I’m reminded of the egotistical the Copernican principle: “I’m a typical observer in the universe” is equivalent to “Typically observers in the universe are like me”.
I think this is weirder than most anthropics. Different levels of reality fluid in non-interacting worlds? Great. But if Alice and Bob are having a conversation, or Alice is stealing Bob’s pie, they’re both part of a joint, interactive computation. It’s a little weird for one part of a joint computation to have a different amount of anthropic measure than another part of a computation.[1]
Like we can stipulate arguendo that it’s anthropically valid for Elon Musk to think “I’m Elon Musk. Much of lightcone will depend on me. The matrix overlords will simulate me, Elon Musk, thousands of times more, and make me a thousand times more real, than any of the plebs I talk to”. But it does not directly follow, I don’t think, that in any particular interaction Elon is realer than the pleb he is talking to. The matrix overlords just simulate Elon Musk talking to a thousand different possible-world plebs and stealing their pie a thousand times.
For this argument for egotism to work, I think you have to expect that anthropically you are often computed in a different way than the people you interact with are computed.
I mean it would be weird for Alice and Bob have different measures if they have the same apparent biology. I can totally imagine human Alice talking to a reversible-computer LLM that has no anthropic measure.
While I do fully support and experience differential individual weighting in my utility, I’m not sure I understand what would justify the idea of “cosmic utility”. I don’t believe there is any shared universal (or cross-universal) experience that really corresponds to a valuation or valence. Utility/preference is individual, all the way down (and all the way up).

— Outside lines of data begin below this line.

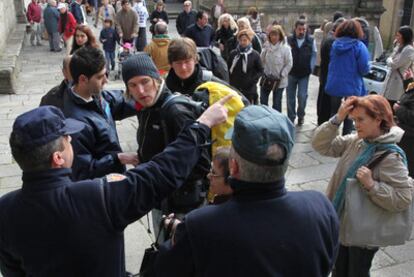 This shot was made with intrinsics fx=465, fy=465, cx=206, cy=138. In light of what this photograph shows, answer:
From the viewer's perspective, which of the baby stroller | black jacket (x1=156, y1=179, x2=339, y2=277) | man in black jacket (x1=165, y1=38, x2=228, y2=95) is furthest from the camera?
the baby stroller

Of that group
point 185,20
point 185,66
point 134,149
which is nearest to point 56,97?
point 185,66

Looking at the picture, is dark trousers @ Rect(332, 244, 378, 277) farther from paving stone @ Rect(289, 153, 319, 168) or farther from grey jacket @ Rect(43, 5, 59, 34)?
grey jacket @ Rect(43, 5, 59, 34)

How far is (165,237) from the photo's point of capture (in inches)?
91.6

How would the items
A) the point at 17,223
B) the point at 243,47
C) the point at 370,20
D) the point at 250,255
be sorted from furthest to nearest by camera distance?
the point at 370,20
the point at 243,47
the point at 17,223
the point at 250,255

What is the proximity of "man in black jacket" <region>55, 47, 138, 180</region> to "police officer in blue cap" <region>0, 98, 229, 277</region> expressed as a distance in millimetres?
934

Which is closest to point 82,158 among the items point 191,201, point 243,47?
point 191,201

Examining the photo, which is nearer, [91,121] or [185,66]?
[91,121]

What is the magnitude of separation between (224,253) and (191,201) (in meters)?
1.32

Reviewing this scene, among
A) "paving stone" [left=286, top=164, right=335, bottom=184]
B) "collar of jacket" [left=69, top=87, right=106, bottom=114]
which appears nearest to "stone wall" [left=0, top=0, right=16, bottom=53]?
"paving stone" [left=286, top=164, right=335, bottom=184]

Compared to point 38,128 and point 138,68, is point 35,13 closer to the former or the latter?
point 138,68

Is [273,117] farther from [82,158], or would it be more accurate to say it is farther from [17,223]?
[82,158]

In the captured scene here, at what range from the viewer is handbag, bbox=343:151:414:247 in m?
2.99

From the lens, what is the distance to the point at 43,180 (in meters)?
1.89

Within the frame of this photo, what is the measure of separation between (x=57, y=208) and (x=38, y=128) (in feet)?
1.10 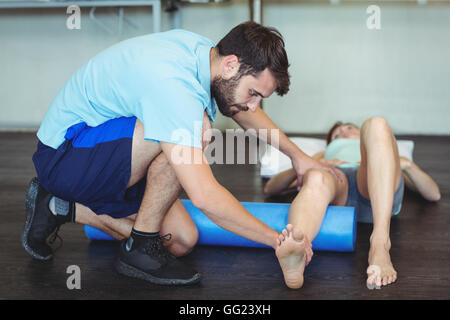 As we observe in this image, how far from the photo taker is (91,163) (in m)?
1.36

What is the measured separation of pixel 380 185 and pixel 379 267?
0.24 meters

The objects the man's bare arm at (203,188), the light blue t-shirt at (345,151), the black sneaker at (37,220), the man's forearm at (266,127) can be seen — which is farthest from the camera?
the light blue t-shirt at (345,151)

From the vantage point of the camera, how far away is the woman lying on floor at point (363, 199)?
1264 mm

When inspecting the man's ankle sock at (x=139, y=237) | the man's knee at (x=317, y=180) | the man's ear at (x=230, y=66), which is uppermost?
the man's ear at (x=230, y=66)

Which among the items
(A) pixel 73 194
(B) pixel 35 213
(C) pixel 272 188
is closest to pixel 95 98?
(A) pixel 73 194

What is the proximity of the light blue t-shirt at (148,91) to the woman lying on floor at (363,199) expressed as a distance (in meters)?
0.34

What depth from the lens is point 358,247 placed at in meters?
1.59

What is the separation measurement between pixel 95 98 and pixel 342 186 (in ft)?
2.69

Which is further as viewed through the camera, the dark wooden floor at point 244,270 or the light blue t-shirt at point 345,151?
the light blue t-shirt at point 345,151

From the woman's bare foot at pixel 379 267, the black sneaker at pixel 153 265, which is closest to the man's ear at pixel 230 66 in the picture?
the black sneaker at pixel 153 265

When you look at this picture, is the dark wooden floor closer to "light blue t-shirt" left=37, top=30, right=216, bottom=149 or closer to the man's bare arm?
the man's bare arm

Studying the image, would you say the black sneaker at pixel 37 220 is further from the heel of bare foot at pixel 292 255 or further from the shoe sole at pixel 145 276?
the heel of bare foot at pixel 292 255

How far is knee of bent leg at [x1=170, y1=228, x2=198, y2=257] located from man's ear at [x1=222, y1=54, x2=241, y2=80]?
0.50 m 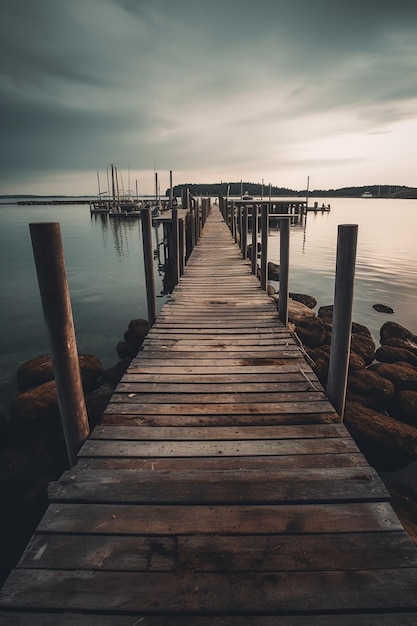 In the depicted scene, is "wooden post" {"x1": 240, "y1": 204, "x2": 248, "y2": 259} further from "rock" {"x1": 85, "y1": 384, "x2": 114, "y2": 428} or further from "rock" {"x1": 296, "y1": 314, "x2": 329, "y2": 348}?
"rock" {"x1": 85, "y1": 384, "x2": 114, "y2": 428}

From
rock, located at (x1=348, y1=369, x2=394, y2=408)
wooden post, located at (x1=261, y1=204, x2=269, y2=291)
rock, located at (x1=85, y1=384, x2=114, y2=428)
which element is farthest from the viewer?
wooden post, located at (x1=261, y1=204, x2=269, y2=291)

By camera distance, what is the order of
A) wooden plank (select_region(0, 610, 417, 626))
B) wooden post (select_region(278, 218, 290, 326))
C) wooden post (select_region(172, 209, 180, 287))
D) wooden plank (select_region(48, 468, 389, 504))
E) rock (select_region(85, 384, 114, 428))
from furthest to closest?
wooden post (select_region(172, 209, 180, 287)) → rock (select_region(85, 384, 114, 428)) → wooden post (select_region(278, 218, 290, 326)) → wooden plank (select_region(48, 468, 389, 504)) → wooden plank (select_region(0, 610, 417, 626))

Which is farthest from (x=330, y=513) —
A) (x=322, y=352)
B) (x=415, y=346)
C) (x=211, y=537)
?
(x=415, y=346)

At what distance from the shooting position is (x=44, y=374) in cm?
712

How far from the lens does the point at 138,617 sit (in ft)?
4.92

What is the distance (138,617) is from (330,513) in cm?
116

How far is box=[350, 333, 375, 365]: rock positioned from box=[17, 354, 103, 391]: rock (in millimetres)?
6062

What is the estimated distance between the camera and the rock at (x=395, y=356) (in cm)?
811

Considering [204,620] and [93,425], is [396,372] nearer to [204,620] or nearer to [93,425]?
[93,425]

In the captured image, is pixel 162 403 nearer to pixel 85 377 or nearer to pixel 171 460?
pixel 171 460

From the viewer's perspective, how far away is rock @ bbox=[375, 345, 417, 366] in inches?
→ 319

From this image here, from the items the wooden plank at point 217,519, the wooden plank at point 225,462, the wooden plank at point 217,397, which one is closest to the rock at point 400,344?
the wooden plank at point 217,397

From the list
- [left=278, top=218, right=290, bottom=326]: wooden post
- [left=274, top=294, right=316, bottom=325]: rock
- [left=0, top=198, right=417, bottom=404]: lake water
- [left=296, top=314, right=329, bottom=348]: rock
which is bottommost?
[left=0, top=198, right=417, bottom=404]: lake water

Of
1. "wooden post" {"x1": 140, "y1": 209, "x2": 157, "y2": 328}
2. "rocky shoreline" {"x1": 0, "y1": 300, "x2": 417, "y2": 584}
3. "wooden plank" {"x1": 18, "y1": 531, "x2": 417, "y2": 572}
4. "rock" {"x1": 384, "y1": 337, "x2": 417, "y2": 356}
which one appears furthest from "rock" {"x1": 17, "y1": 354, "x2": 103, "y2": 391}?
"rock" {"x1": 384, "y1": 337, "x2": 417, "y2": 356} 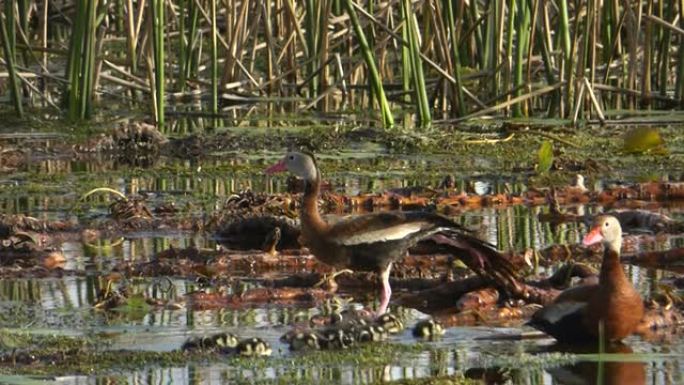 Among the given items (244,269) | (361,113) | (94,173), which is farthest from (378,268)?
(361,113)

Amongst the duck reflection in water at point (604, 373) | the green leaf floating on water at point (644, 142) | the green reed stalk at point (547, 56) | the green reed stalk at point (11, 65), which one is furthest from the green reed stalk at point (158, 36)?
the duck reflection in water at point (604, 373)

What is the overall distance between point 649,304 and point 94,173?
19.4ft

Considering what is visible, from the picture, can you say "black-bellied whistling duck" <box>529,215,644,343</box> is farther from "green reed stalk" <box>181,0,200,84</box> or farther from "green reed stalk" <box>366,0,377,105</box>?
"green reed stalk" <box>181,0,200,84</box>

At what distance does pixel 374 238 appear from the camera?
7504 mm

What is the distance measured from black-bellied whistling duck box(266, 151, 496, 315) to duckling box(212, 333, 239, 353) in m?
1.13

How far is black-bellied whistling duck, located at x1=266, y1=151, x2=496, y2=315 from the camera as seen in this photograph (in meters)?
7.50

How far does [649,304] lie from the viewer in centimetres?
707

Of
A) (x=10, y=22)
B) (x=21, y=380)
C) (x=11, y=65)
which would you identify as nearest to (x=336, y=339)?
(x=21, y=380)

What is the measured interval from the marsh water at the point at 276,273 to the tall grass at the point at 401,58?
60 centimetres

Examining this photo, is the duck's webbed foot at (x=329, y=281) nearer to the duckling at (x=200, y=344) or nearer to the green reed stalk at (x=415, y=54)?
the duckling at (x=200, y=344)

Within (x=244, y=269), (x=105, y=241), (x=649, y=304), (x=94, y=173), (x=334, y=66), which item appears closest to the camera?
(x=649, y=304)

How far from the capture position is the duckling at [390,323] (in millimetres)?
6762

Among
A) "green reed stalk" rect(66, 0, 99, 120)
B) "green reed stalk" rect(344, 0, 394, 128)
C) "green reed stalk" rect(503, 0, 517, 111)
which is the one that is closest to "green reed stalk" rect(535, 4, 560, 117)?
"green reed stalk" rect(503, 0, 517, 111)

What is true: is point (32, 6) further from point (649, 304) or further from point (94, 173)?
point (649, 304)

I think there IS a different asymmetry that can make status (and most interactions that appear zero-sum in resources) not actually zero-sum for the participants: mapping of shared/objective world-state to individual perceived status-value. It’s possible that if participants are thinking of slightly different dimension of what increases or reduces their status, that many changes can increase A’s (perceived) status more than it decreases B’s. I think this is the standard “private utility function” problem very often mentioned in decision theory. You don’t focus on this in your post, but I think it’s the stronger model.